*TASK GOAL*: Return each of the entries below precisely, with no pictures in the result.

*Saved entries*:
○ ○ ○ ○ ○
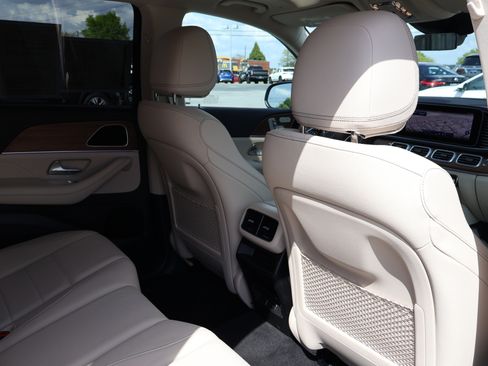 Used 2025 Mercedes-Benz GLE 450e 4MATIC image 25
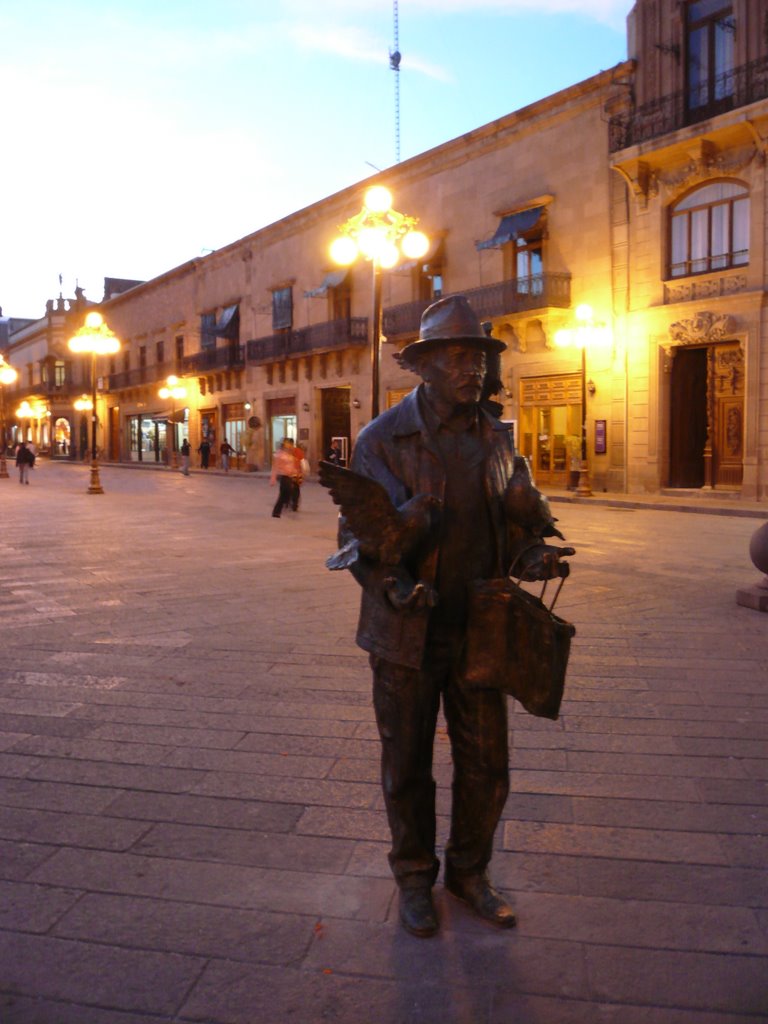 Señor de las Palomas by ginarqmx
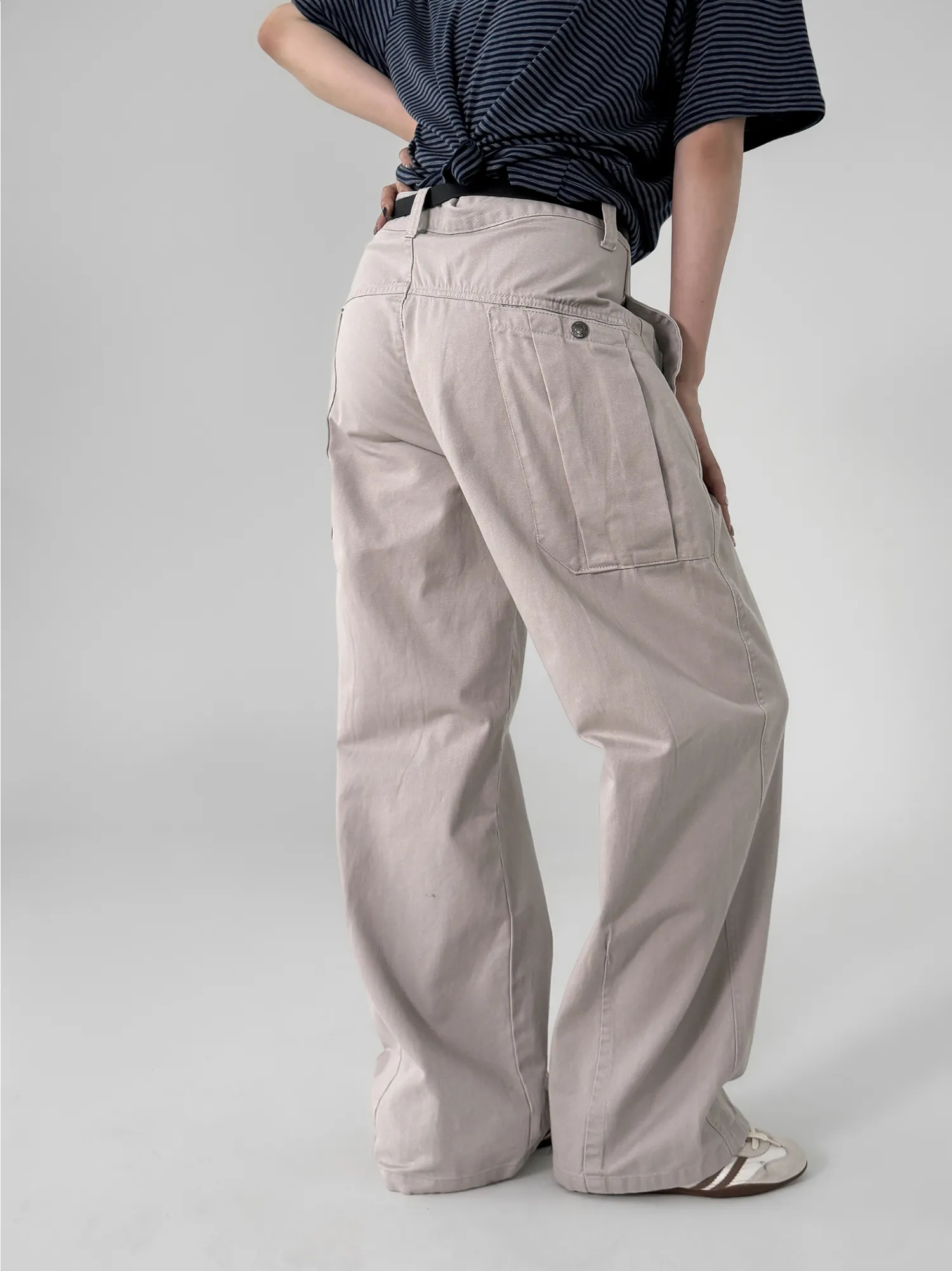 パンツ モデル画像-S1L61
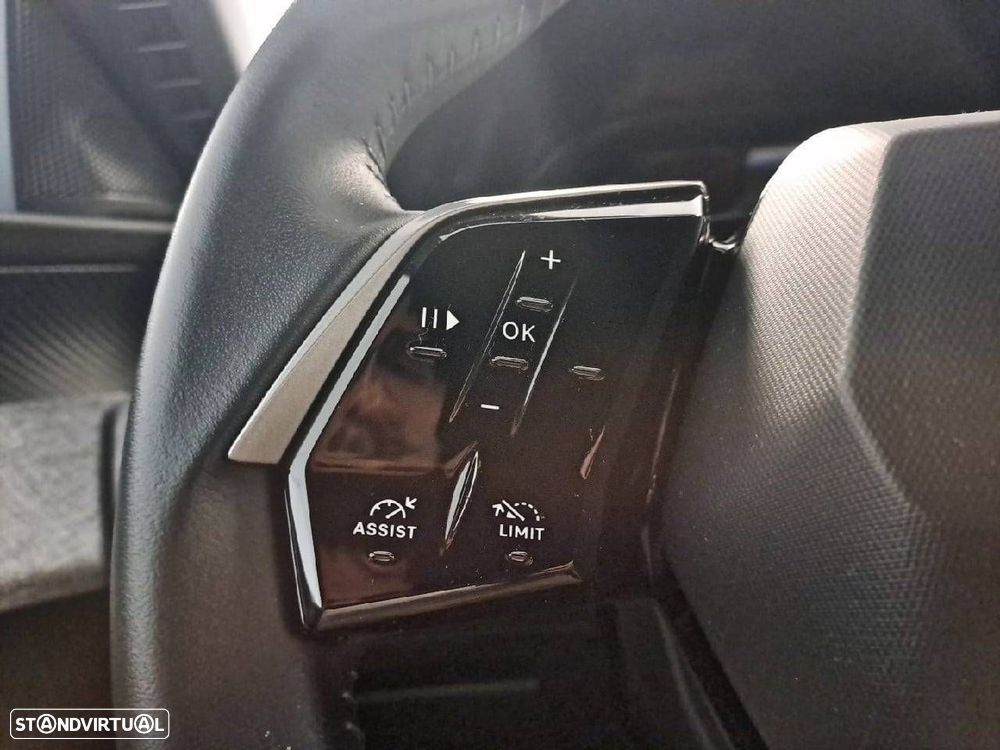 Peugeot 5008 1.2 Hybrid Allure e-DCS6 - 16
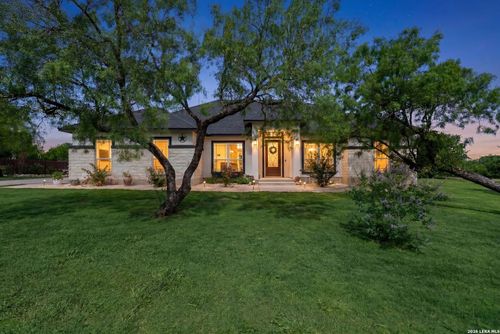 110 County Road 3829, San Antonio, TX, 78253-6853 | Card Image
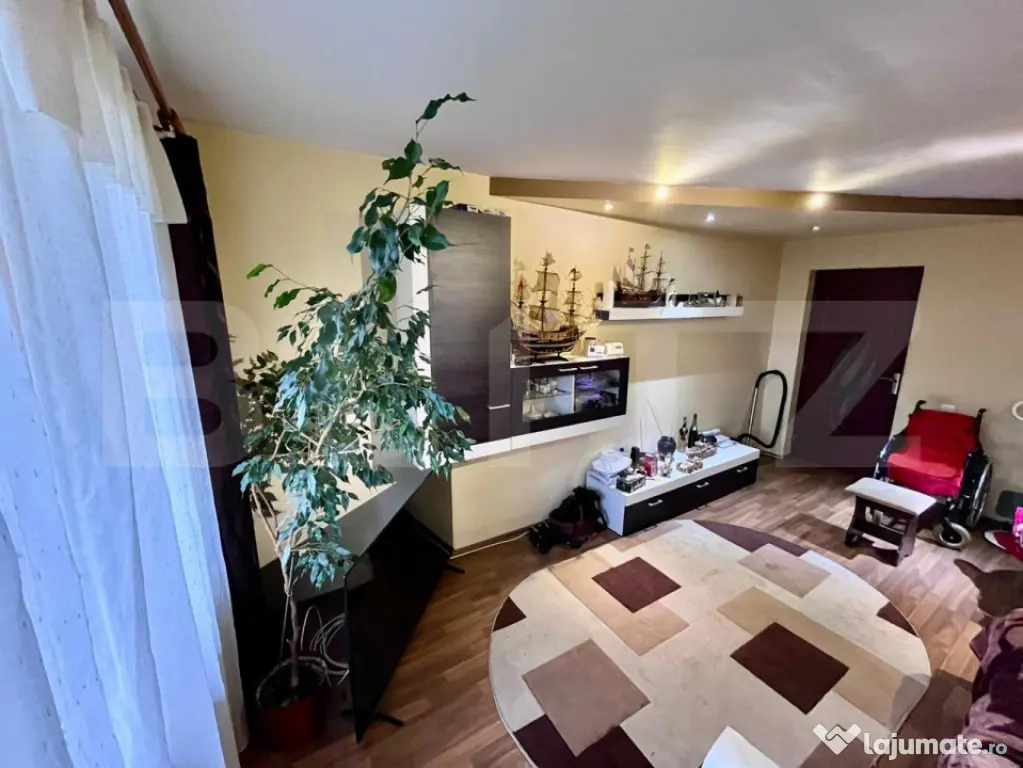 Apartament 3 camere, decomandat, 75 mp, zona Craiter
○ ○ ○ ○ ○
*FINAL ANSWER*:
 Used 2025 Mercedes-Benz GLE 450e 4MATIC image 25
 Señor de las Palomas by ginarqmx
 パンツ モデル画像-S1L61
 Peugeot 5008 1.2 Hybrid Allure e-DCS6 - 16
 110 County Road 3829, San Antonio, TX, 78253-6853 | Card Image
 Apartament 3 camere, decomandat, 75 mp, zona Craiter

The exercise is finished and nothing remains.